A common surveillance problem is the automatic detection of objects concealed under clothing and the identification of those carrying them. As many 2D methods rely on texture information, the application of patterned clothing can be used to camouflage features that may provide a clue as to the shape of the object hidden beneath.
Photometric stereo (PS) is a 3D surface reconstruction technique utilising several images of an object, lit from multiple directions, a particular advantage of which is that it reliably separates textural elements, such as printed patterns, from physical shape offering many possibilities for concealed object detection.
The success of such a technique is primarily dependent on the ability to artificially illuminate the subject considerably more brightly than the ambient lighting. At night, this is readily plausible; and longer wavelength, near-infrared (nIR) lighting allows us to capture the images covertly. However in daytime, sunlight can prevent sufficient illumination of the subject to calculate the surface image, especially at long range.

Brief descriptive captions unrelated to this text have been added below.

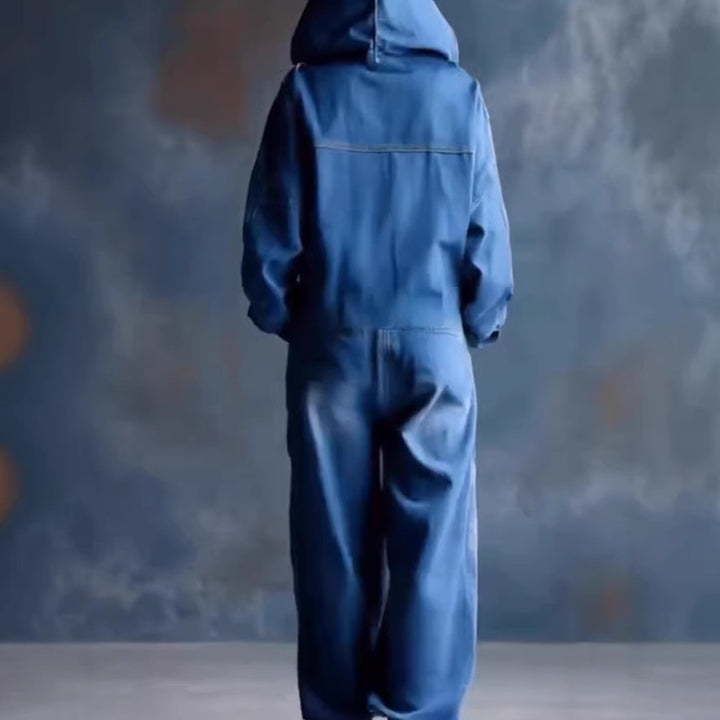Combinaison en denim décontractée pour femmes avec capuche et poches pratiques Chic & Stil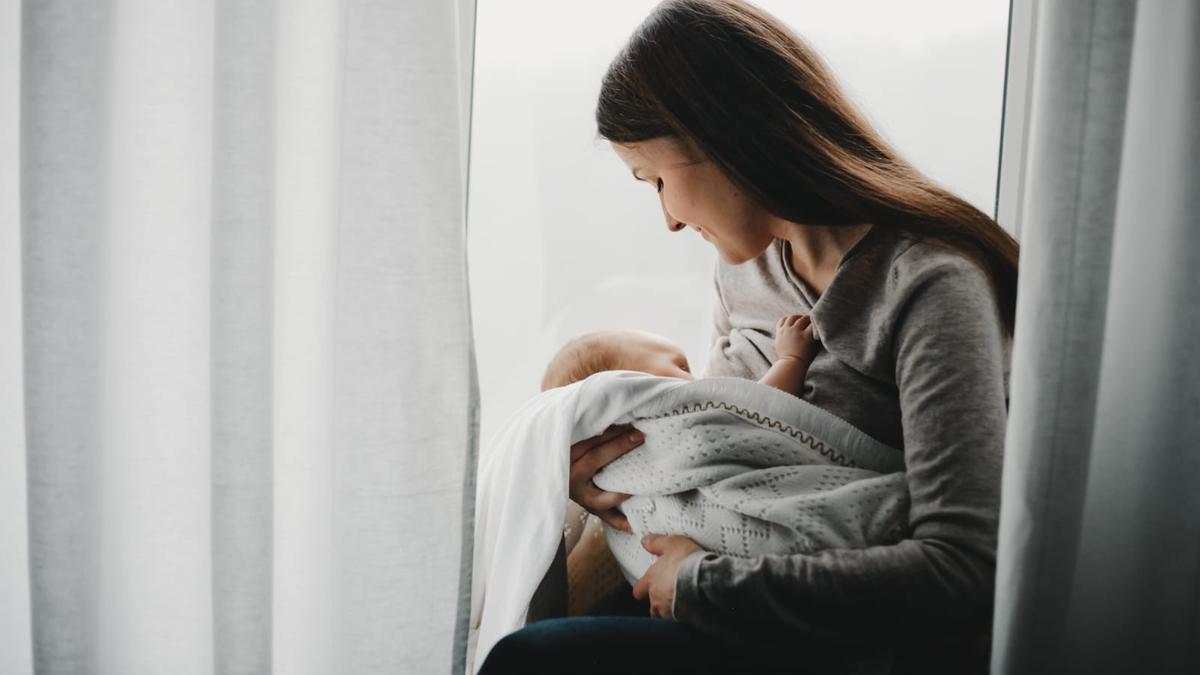 4 Posisi Menyusui yang Sebaiknya Dihindari, Calon Ibu Perlu Tahu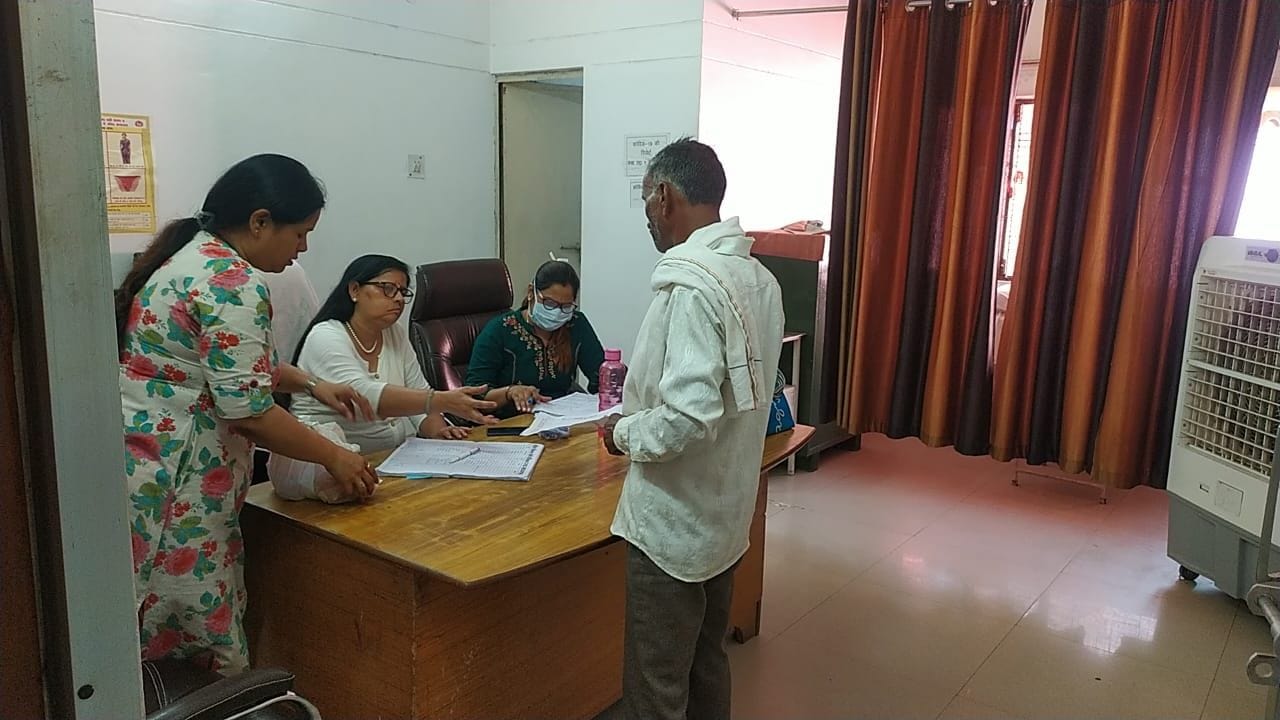  चार नंबर कमरे में मरीज को देखतीं महिला चिकित्सक। संवाद
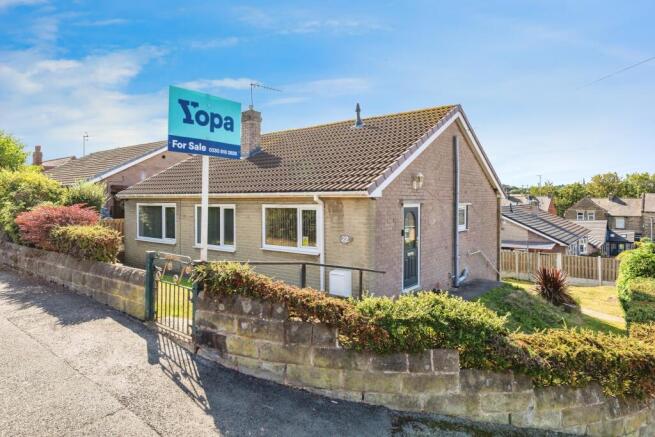 3 bed property, in Wood View, £260,000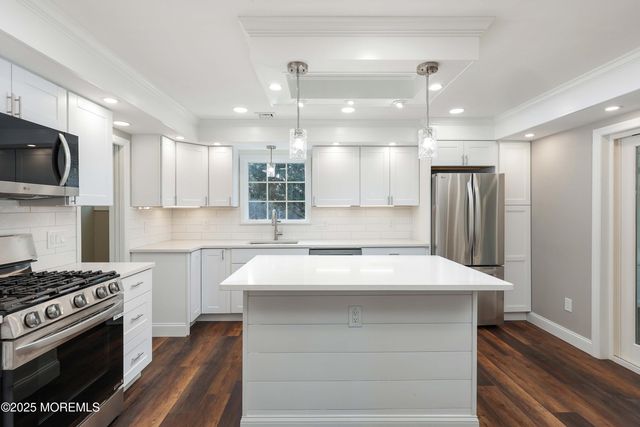 118 State Route 34, Holmdel, NJ 07733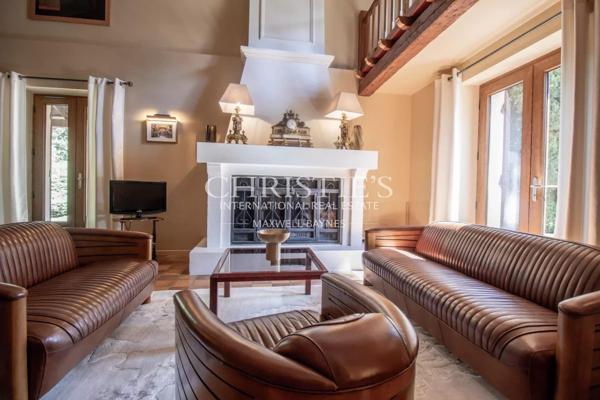 Résidence moderne et élégante avec appartement et piscine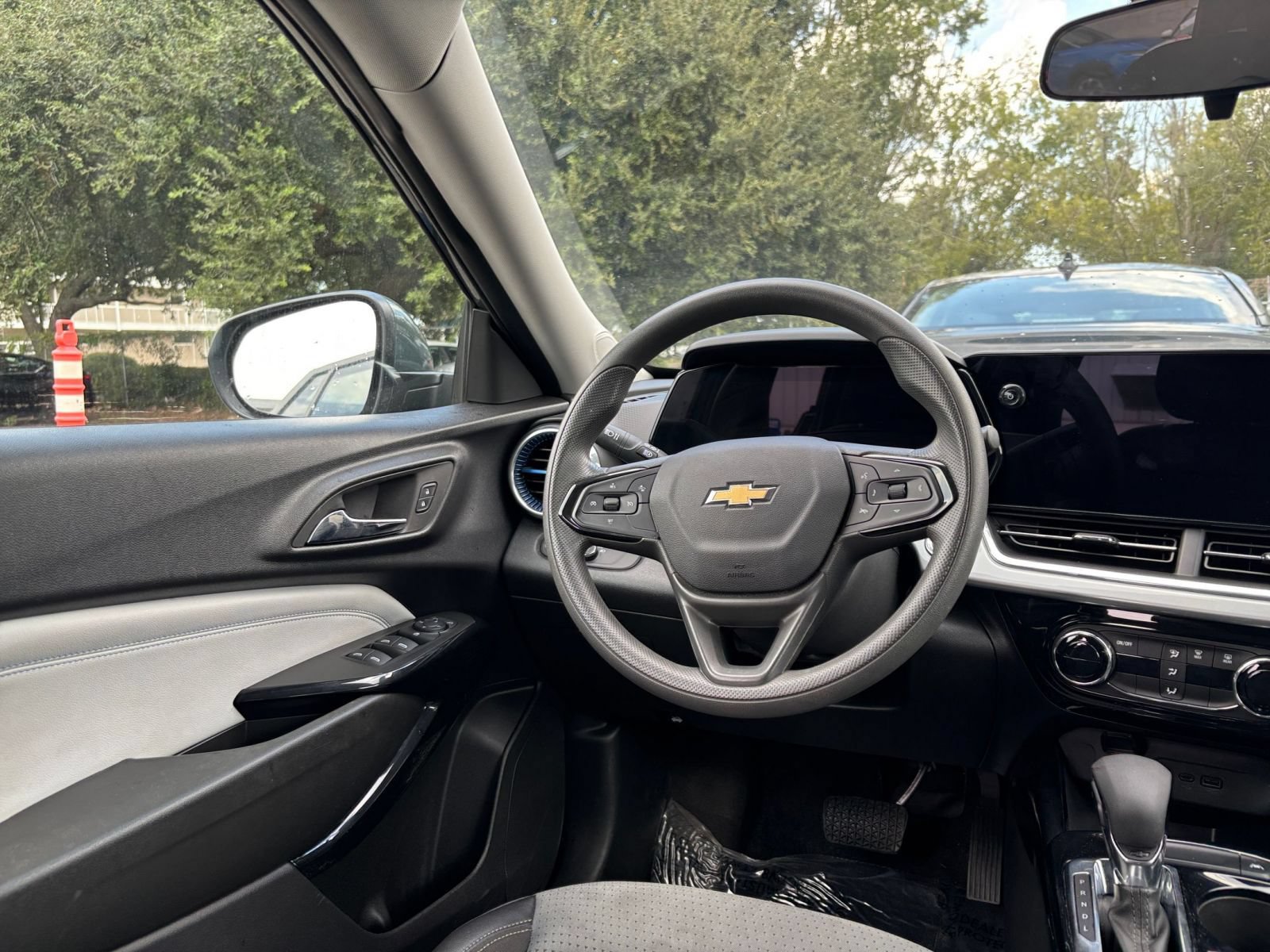 Thumbnail: 2025 Chevrolet Trax - 32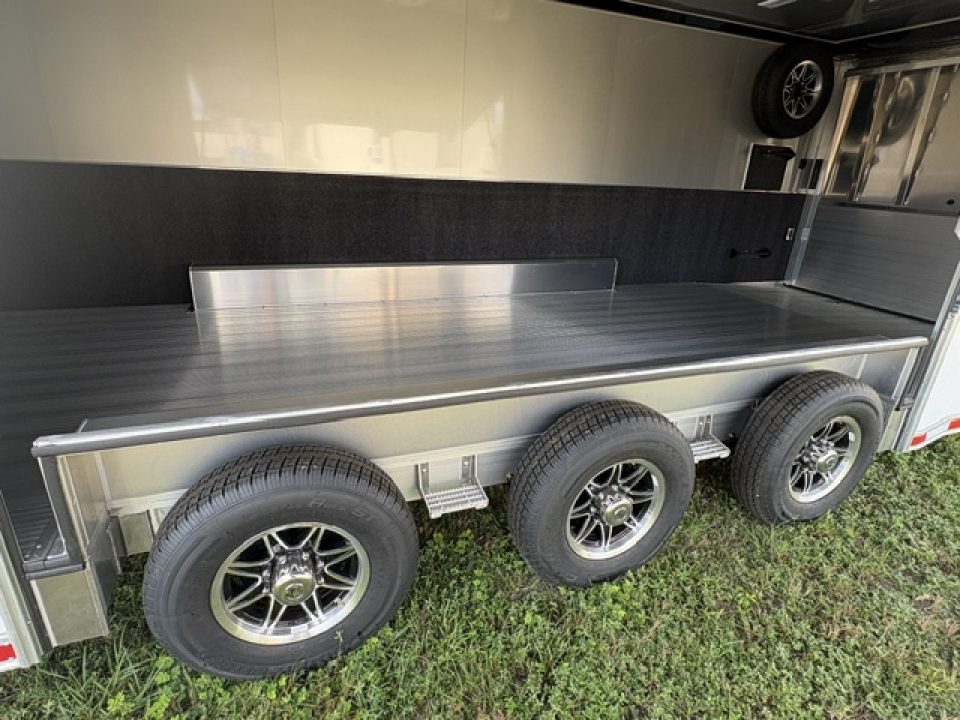 New 2027 8.5X32 inTech RACE TRAILER
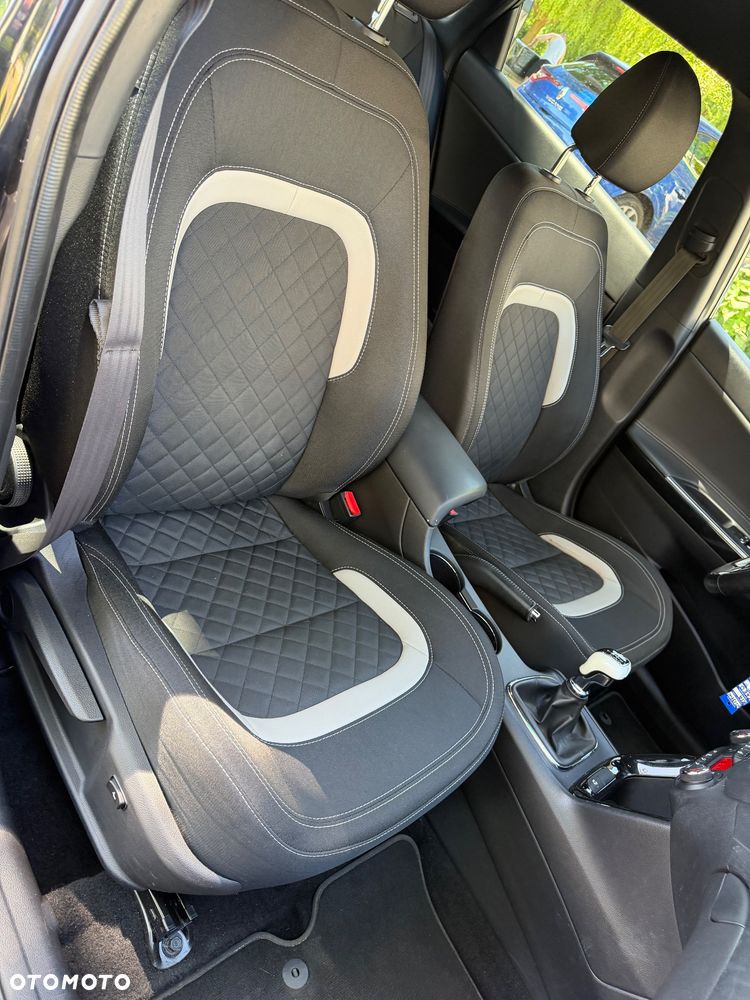 Kia Ceed 1.6 CRDi GT Line - 25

Certain wavelengths of light are attenuated by airborne moisture considerably more than others. By using a wavelength of light that is heavily attenuated by the atmosphere, in combination with a narrow bandpass filter, we show that it is possible to provide sufficient lighting contrast to perform PS over much longer distances than in previous work.
We examine the 940nm wavelength, which falls within one of these spectral regions and evaluate sensor technology equipped with a “black silicon” CMOS, offering extreme light sensitivity, against cameras using traditional silicon sensors, with application to long distance surface reconstruction using PS.
Having shown that we can produce reconstructions of considerably better quality than those from traditional cameras, we present several methods for the reliable detection of concealed objects and recognition of faces, using the high level of surface detail that PS can provide.